*WHAT IS BEING ASKED*. Set down every entry once more, exactly as it appears.

(Entries taken from a collection)
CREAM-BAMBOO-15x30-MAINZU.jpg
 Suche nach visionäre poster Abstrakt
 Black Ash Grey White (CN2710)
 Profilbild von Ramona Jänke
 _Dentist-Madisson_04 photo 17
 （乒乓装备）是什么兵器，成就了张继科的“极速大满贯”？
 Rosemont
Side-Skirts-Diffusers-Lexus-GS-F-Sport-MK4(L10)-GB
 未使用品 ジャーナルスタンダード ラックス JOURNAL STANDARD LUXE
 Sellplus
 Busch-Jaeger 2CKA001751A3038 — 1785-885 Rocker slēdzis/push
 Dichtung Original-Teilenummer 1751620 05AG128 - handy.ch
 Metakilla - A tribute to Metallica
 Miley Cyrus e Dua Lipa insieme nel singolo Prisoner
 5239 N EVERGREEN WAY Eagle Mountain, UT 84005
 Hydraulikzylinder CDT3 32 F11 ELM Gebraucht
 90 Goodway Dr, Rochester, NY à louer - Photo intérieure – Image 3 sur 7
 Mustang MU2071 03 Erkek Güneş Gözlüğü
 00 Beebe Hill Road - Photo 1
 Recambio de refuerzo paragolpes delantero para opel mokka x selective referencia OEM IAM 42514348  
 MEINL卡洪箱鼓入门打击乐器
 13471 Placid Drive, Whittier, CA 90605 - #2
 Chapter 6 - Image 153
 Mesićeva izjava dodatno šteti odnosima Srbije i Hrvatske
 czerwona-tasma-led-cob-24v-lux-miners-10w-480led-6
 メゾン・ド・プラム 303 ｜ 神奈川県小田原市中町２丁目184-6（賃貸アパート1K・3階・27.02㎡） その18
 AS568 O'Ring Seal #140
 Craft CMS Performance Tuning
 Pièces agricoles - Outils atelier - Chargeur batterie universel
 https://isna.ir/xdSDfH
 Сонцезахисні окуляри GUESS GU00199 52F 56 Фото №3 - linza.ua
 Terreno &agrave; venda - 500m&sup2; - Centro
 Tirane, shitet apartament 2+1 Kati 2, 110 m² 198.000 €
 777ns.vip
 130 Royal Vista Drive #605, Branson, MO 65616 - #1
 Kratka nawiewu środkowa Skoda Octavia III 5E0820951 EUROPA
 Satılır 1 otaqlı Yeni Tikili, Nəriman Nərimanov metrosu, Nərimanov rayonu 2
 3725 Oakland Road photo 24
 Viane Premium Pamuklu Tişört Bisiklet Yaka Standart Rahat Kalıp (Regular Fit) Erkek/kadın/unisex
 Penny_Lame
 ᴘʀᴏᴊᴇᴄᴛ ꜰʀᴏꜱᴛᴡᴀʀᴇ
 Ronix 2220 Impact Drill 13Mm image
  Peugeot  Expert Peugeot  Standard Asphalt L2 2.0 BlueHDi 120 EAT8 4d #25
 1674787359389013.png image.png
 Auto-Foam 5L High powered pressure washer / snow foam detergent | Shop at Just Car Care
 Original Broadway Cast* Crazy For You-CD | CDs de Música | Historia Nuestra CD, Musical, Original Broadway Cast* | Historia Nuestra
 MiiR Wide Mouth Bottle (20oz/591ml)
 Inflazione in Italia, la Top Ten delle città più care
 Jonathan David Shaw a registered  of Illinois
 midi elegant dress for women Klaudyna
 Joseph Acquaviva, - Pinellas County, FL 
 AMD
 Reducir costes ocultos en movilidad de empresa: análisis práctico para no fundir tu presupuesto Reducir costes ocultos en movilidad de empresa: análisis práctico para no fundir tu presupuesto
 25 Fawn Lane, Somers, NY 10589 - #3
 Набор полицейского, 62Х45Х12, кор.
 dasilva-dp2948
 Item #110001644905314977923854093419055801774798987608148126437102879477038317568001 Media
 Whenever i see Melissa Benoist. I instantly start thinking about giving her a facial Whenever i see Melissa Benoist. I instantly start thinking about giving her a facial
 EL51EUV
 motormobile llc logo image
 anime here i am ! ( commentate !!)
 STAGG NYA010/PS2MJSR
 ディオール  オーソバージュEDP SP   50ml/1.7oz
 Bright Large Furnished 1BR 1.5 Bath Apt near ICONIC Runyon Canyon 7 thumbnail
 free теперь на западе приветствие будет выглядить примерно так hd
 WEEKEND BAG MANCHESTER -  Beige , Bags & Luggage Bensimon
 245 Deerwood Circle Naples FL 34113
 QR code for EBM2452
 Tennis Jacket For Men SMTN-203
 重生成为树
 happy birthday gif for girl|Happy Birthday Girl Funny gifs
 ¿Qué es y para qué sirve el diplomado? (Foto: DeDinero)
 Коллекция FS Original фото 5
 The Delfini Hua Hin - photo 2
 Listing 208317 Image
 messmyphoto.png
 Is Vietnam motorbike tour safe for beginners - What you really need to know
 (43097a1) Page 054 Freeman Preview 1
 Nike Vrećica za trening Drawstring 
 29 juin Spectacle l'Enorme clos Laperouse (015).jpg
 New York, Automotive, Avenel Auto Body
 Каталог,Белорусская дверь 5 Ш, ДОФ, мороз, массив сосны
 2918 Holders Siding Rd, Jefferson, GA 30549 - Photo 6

*ANSWER TO THIS EXERCISE*.
CREAM-BAMBOO-15x30-MAINZU.jpg
 Suche nach visionäre poster Abstrakt
 Black Ash Grey White (CN2710)
 Profilbild von Ramona Jänke
 _Dentist-Madisson_04 photo 17
 （乒乓装备）是什么兵器，成就了张继科的“极速大满贯”？
 Rosemont
Side-Skirts-Diffusers-Lexus-GS-F-Sport-MK4(L10)-GB
 未使用品 ジャーナルスタンダード ラックス JOURNAL STANDARD LUXE
 Sellplus
 Busch-Jaeger 2CKA001751A3038 — 1785-885 Rocker slēdzis/push
 Dichtung Original-Teilenummer 1751620 05AG128 - handy.ch
 Metakilla - A tribute to Metallica
 Miley Cyrus e Dua Lipa insieme nel singolo Prisoner
 5239 N EVERGREEN WAY Eagle Mountain, UT 84005
 Hydraulikzylinder CDT3 32 F11 ELM Gebraucht
 90 Goodway Dr, Rochester, NY à louer - Photo intérieure – Image 3 sur 7
 Mustang MU2071 03 Erkek Güneş Gözlüğü
 00 Beebe Hill Road - Photo 1
 Recambio de refuerzo paragolpes delantero para opel mokka x selective referencia OEM IAM 42514348  
 MEINL卡洪箱鼓入门打击乐器
 13471 Placid Drive, Whittier, CA 90605 - #2
 Chapter 6 - Image 153
 Mesićeva izjava dodatno šteti odnosima Srbije i Hrvatske
 czerwona-tasma-led-cob-24v-lux-miners-10w-480led-6
 メゾン・ド・プラム 303 ｜ 神奈川県小田原市中町２丁目184-6（賃貸アパート1K・3階・27.02㎡） その18
 AS568 O'Ring Seal #140
 Craft CMS Performance Tuning
 Pièces agricoles - Outils atelier - Chargeur batterie universel
 https://isna.ir/xdSDfH
 Сонцезахисні окуляри GUESS GU00199 52F 56 Фото №3 - linza.ua
 Terreno &agrave; venda - 500m&sup2; - Centro
 Tirane, shitet apartament 2+1 Kati 2, 110 m² 198.000 €
 777ns.vip
 130 Royal Vista Drive #605, Branson, MO 65616 - #1
 Kratka nawiewu środkowa Skoda Octavia III 5E0820951 EUROPA
 Satılır 1 otaqlı Yeni Tikili, Nəriman Nərimanov metrosu, Nərimanov rayonu 2
 3725 Oakland Road photo 24
 Viane Premium Pamuklu Tişört Bisiklet Yaka Standart Rahat Kalıp (Regular Fit) Erkek/kadın/unisex
 Penny_Lame
 ᴘʀᴏᴊᴇᴄᴛ ꜰʀᴏꜱᴛᴡᴀʀᴇ
 Ronix 2220 Impact Drill 13Mm image
  Peugeot  Expert Peugeot  Standard Asphalt L2 2.0 BlueHDi 120 EAT8 4d #25
 1674787359389013.png image.png
 Auto-Foam 5L High powered pressure washer / snow foam detergent | Shop at Just Car Care
 Original Broadway Cast* Crazy For You-CD | CDs de Música | Historia Nuestra CD, Musical, Original Broadway Cast* | Historia Nuestra
 MiiR Wide Mouth Bottle (20oz/591ml)
 Inflazione in Italia, la Top Ten delle città più care
 Jonathan David Shaw a registered  of Illinois
 midi elegant dress for women Klaudyna
 Joseph Acquaviva, - Pinellas County, FL 
 AMD
 Reducir costes ocultos en movilidad de empresa: análisis práctico para no fundir tu presupuesto Reducir costes ocultos en movilidad de empresa: análisis práctico para no fundir tu presupuesto
 25 Fawn Lane, Somers, NY 10589 - #3
 Набор полицейского, 62Х45Х12, кор.
 dasilva-dp2948
 Item #110001644905314977923854093419055801774798987608148126437102879477038317568001 Media
 Whenever i see Melissa Benoist. I instantly start thinking about giving her a facial Whenever i see Melissa Benoist. I instantly start thinking about giving her a facial
 EL51EUV
 motormobile llc logo image
 anime here i am ! ( commentate !!)
 STAGG NYA010/PS2MJSR
 ディオール  オーソバージュEDP SP   50ml/1.7oz
 Bright Large Furnished 1BR 1.5 Bath Apt near ICONIC Runyon Canyon 7 thumbnail
 free теперь на западе приветствие будет выглядить примерно так hd
 WEEKEND BAG MANCHESTER -  Beige , Bags & Luggage Bensimon
 245 Deerwood Circle Naples FL 34113
 QR code for EBM2452
 Tennis Jacket For Men SMTN-203
 重生成为树
 happy birthday gif for girl|Happy Birthday Girl Funny gifs
 ¿Qué es y para qué sirve el diplomado? (Foto: DeDinero)
 Коллекция FS Original фото 5
 The Delfini Hua Hin - photo 2
 Listing 208317 Image
 messmyphoto.png
 Is Vietnam motorbike tour safe for beginners - What you really need to know
 (43097a1) Page 054 Freeman Preview 1
 Nike Vrećica za trening Drawstring 
 29 juin Spectacle l'Enorme clos Laperouse (015).jpg
 New York, Automotive, Avenel Auto Body
 Каталог,Белорусская дверь 5 Ш, ДОФ, мороз, массив сосны
 2918 Holders Siding Rd, Jefferson, GA 30549 - Photo 6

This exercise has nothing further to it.